Za 10 lat ma zostać otwarta pierwsza polska elektrownia jądrowa, kto ją zbuduje?
Pięć podmiotów jest zainteresowanych udziałem w postępowaniu zintegrowanym, mającym wyłonić dostawcę technologii dla polskiej elektrowni jądrowej. To uznane w tej branży firmy, należące do światowych liderów.
Puls Biznesu informuje, że chodzi o GE-Hitachi Nuclear Energy Americas LLC, Korea Electric Power Corporation, SNC-Lavalin Nuclear Inc., Westinghouse Electric Company LLC. i Electricite de France/Areva.
Postępowanie zintegrowane ma na celu wyłonienie firmy odpowiedzialnej m.in. za uruchomienie i finansowanie budowy. Jego rozstrzygnięcie to zadanie spółki PGEEJ1, powołanej w celu nadzoru nad powstawaniem polskiej siłowni atomowej.

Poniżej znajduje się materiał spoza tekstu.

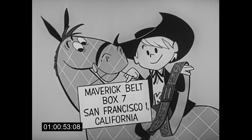Address: Maverick Belt, Box 7, San Francisco 1, California. That's Maverick Belt, Box 7, San Francisco 1, California.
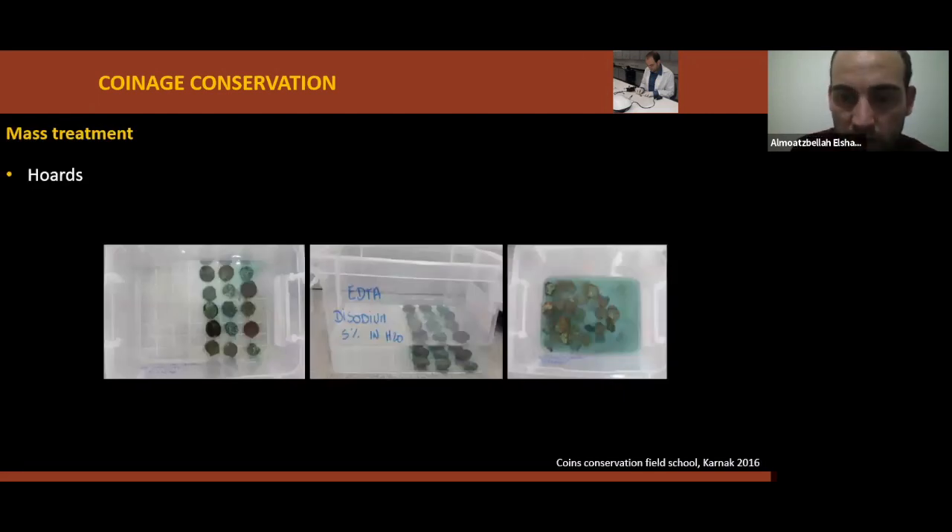For mass treatment, if you are working with a large quantity of coins such as a hoard and have limited time, you will need to do mass treatment for them all at once. Make a global condition report for the whole hoard, work with chemicals in a large container or box. Check coins one by one and gently brush them. Only a quick mechanical cleaning at the end. Thorough rinsing. Finally, you will probably not need to protect your coins by applying a coating.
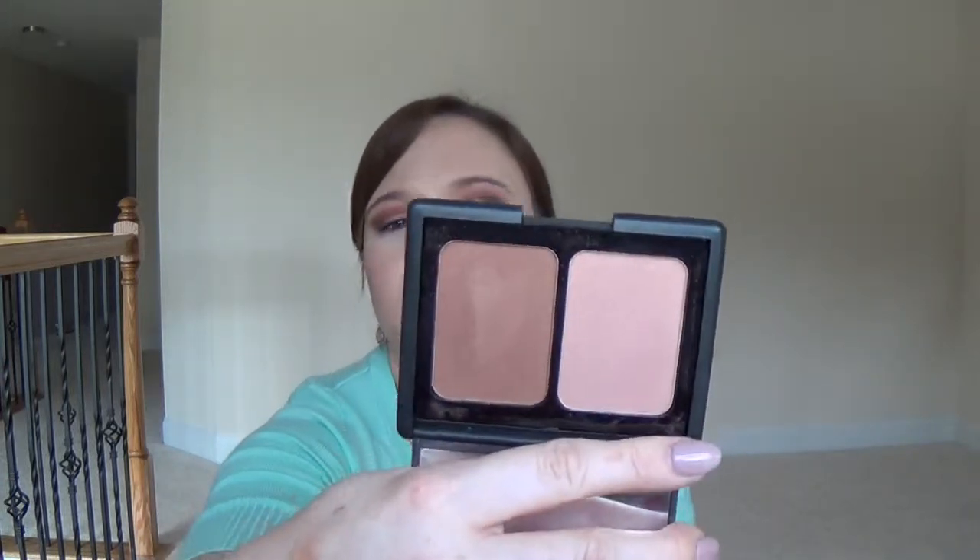I also picked up the ELF Contouring Blush and Bronzing Powders in Turks and Caicos and Saint Lucia. Saint Lucia I already loved — it has a warm-tone bronzer on one side and a peachy pink blush, and I've been wearing it with my more neutral looks. Turks and Caicos is much more cool-to-neutral. These have such nice pigmentation for the price — they're only three dollars and you get two shades. I love both of them.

Prezes PGEEJ1, Jacek Cichosz, ujawnił, że zakończono już wstępne dialogi z liderami konsorcjów. Ich pełny skład zostanie poznany na etapie formalnego postępowania, które ma rozpocząć się jeszcze przed końcem roku. Ostatecznie wykonawcę polskiej elektrowni atomowej poznamy w 2019 roku.
Wbrew ostatnim doniesieniom, budową nie zajmą się Chińczycy. - Z punktu widzenia doświadczenia, z punktu widzenia regulatora, nie chcemy być pierwszym - poza Chinami - krajem na świecie, który miałby przechodzić przez licencjonowanie technologii chińskiej - mówił Cichosz, cytowany przez Puls Biznesu. Nie wykluczył jednak finansowego zaangażowania Państwa Środka.
Na razie nie wiadomo gdzie powstanie elektrownia. Pod uwagę brane są trzy lokalizacje, wszystkie w województwie pomorskim. Budowa ma zakończyć się w 2025 roku.